Haïti Progrès
Le journal qui offre une alternative
This week in Haiti
Violence Flares in Petit Goâve

The town of Petit Goâve, 55 kilometers west of Port-au-Prince, is famous for the resistance of its townspeople to the dictatorships of Jean-Claude Duvalier and General Prosper Avril. However, it is also the stronghold of neo-Duvalierist politician Hubert de Ronceray, who is part of the tiny Washington-backed opposition front called the Democratic Convergence (CD).

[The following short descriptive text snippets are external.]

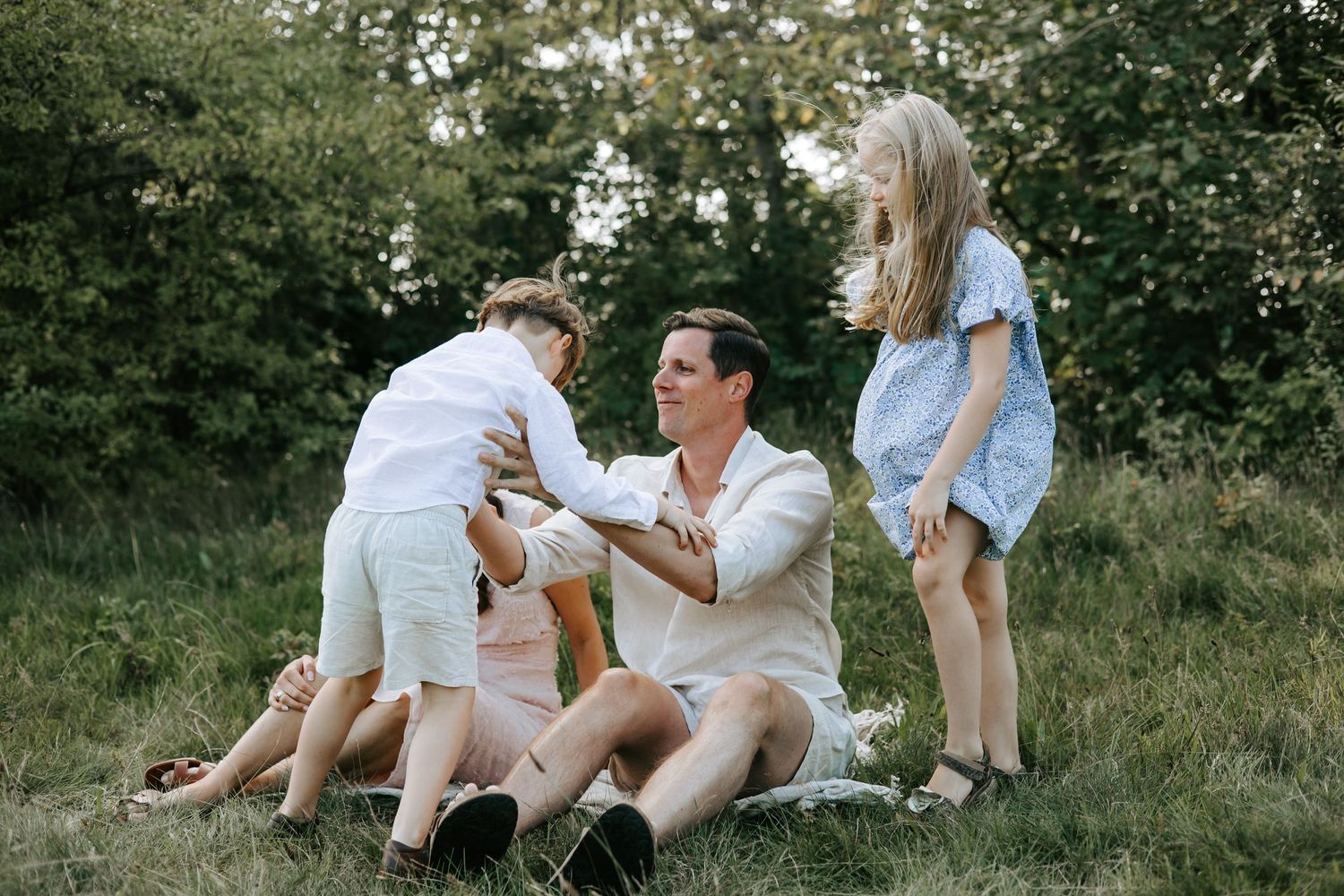 Father sitting on grass playfully interacting with two young energetic children outdoors.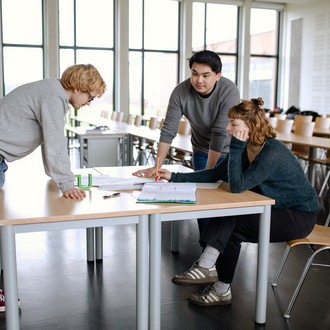 Drei Studierende bei einer Gruppenarbeit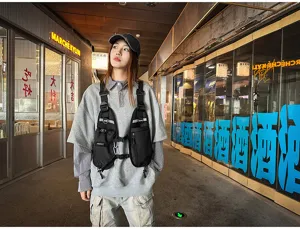Street-style view of a black nylon chest bag with silver reflective strips worn over a gray hoodie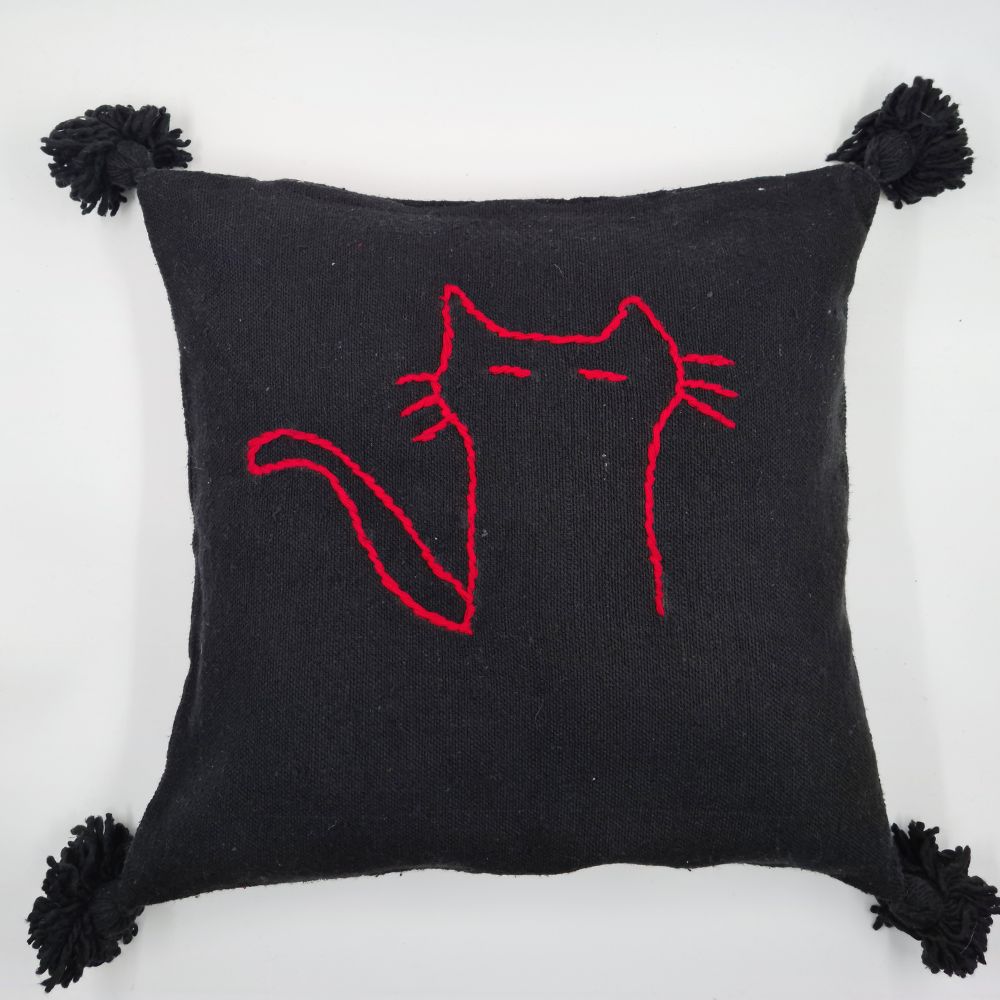 Handmade Black pillow with red cat drawing on a handmade leather stool and a basket next to it full of handmade pompom blankets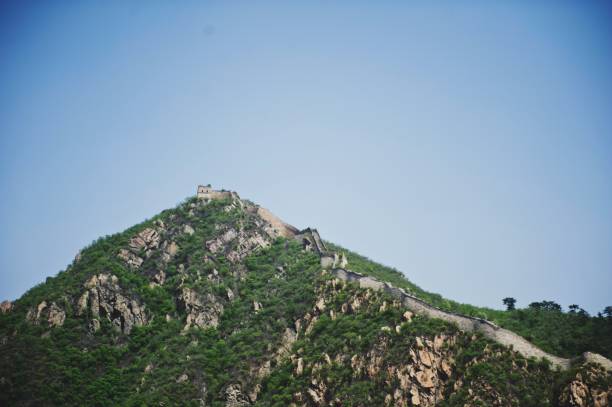 istock the side of a hill, with a mountain and trees on it 1488553141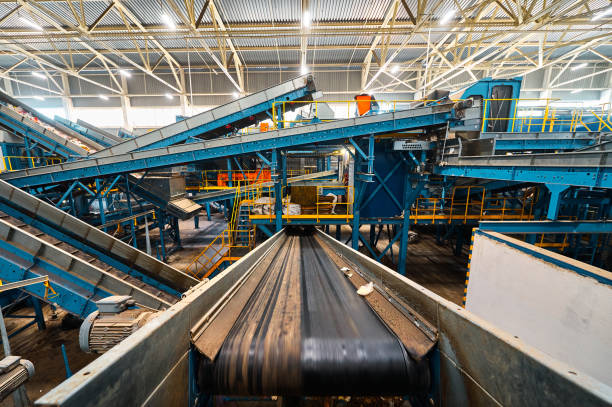 Conveyor belt carries trash pieces in recycling plant workshop closeup. Automated production line to sort rubbish. Waste materials reprocessing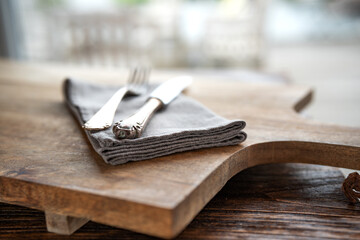 Simple rustic table setting on wooden cutting board. Old silver cutlery with linen napkin and black ceramic dishes.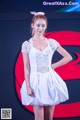 A woman in a white dress standing on a stage.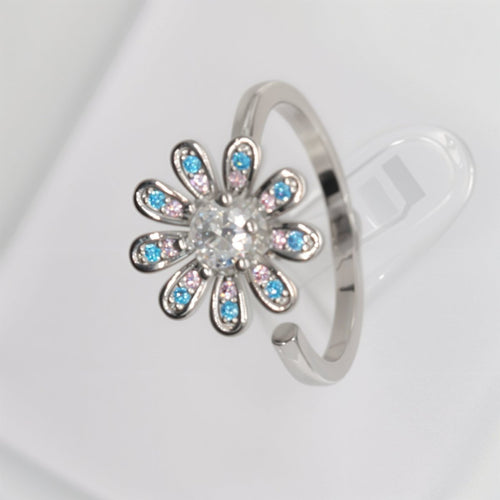 Pierścionek z obrotowym kwiatkiem, antystresowy, srebrny, regulowany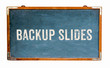 “Backup Slides” text word message written on a wide blue old grungy vintage wooden chalkboard or retro blackboard with frame isolated on white background.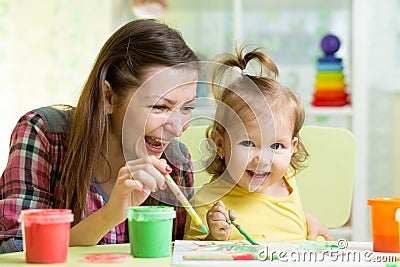 Cute mother teach her daughter kid to paint Stock Photo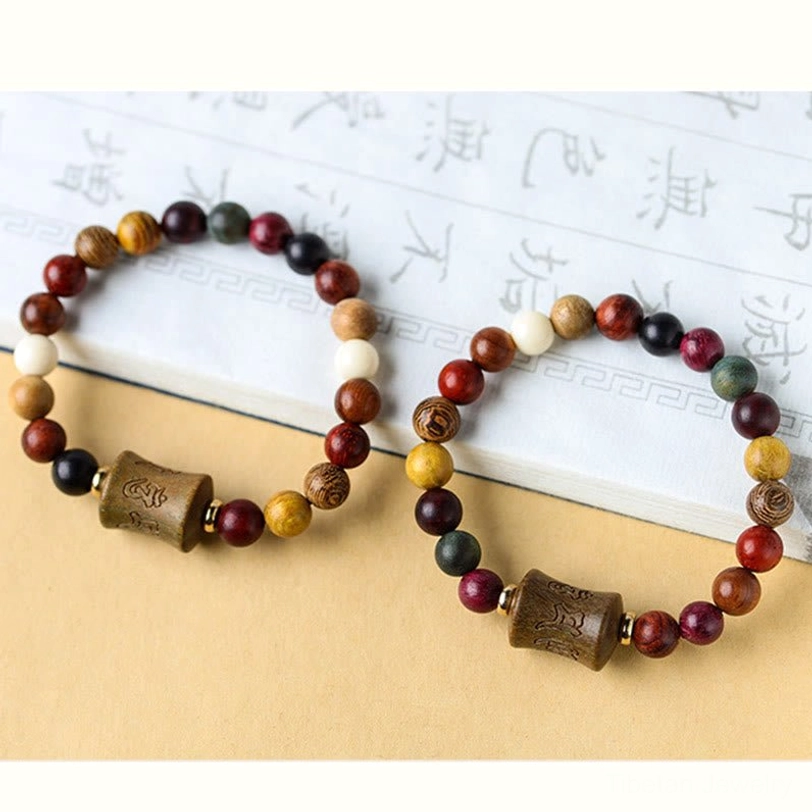 Tibetan Om Mani Padme Hum sandalwood bracelet with copper accents showing complete bracelet design and spiritual carving artistry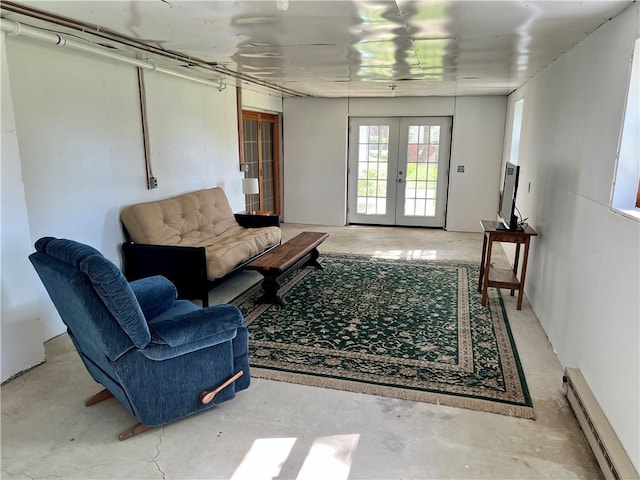 living area with baseboard heating, french doors, and concrete floors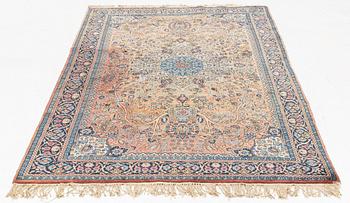 An oriental rug, circa 245 x 136 cm.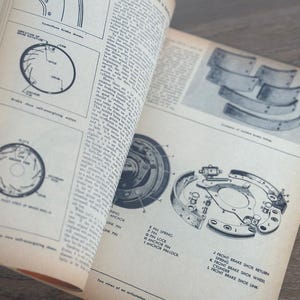May include: Open vintage manual pages with black and white diagrams and text detailing brake systems. The pages show illustrations of brake components, including drums, shoes, and springs, with labels and technical descriptions.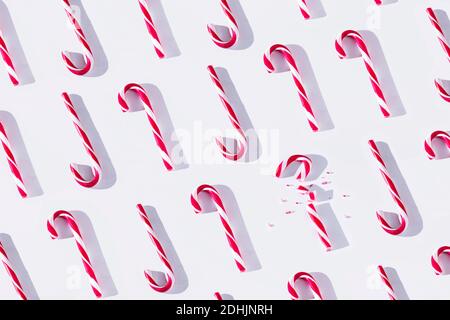 Top view full frame composition of red and white striped Xmas candy canes arranged in rows with one cane broken on white background Stock Photo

This dual heritage is perhaps what today makes this town such a flash-point for violent confrontations between pro-CD demonstrators and those backing the Lavalas Family party (FL) of President Jean-Bertrand Aristide. 
 
The most recent clash was on Dec. 3 when anti-Lavalas demonstrators tried to shut the town down, including the schools. They were met by pro-Lavalas demonstrators on National Route #2. The confrontation between the two groups was so intense that the police had to retreat under a hail of stones from the belligerents. The pro-CD mob hacked and maimed Joseph Céus Duvergé, an FL partisan, with machetes. He is now hospitalized in critical condition. 
 
Journalist Brignol Lindor of local radio station Echo 2000 had the misfortune of being with a friend that day in Acul, Duvergé’s neighborhood. Incensed by rumors of Duvergé’s death and thinking -- rightly or wrongly -- that Lindor was a CD partisan, a crowd composed of Duvergé’s relatives and FL partisans set upon the journalist with vengeful wrath, hacking him to death with machetes.
 
The government deployed the heavily-armed police Company for Intervention and the Maintenance of Order (CIMO) in an attempt to restore calm. The CIMO would take down barricades, but crowds would throw them back up. Gunshots rang out throughout the night. On Dec. 5, tear gas became so thick in the town that Mme. Lucane Dorléans, 76, died from the fumes. Many residents fled the town.
 
On Dec. 4, Guyler C. Delva, secretary general of the Association of Haitian Journalists (AJH), led a fact-finding delegation to the town. They reported that members of the popular organization “Dòmi nan bwa” (Sleep in the woods), allegedly FL-aligned, had a hand in the Lindor reprisal-killing. The government has issued arrest warrants for “Dòmi nan bwa” members and those identified as taking part in the attack on Duvergé as well.
 
A pro-CD mob attacked Delva and his delegation during their visit. They had to take refuge in the toilet of the mayor’s home from flying rocks and bottles. 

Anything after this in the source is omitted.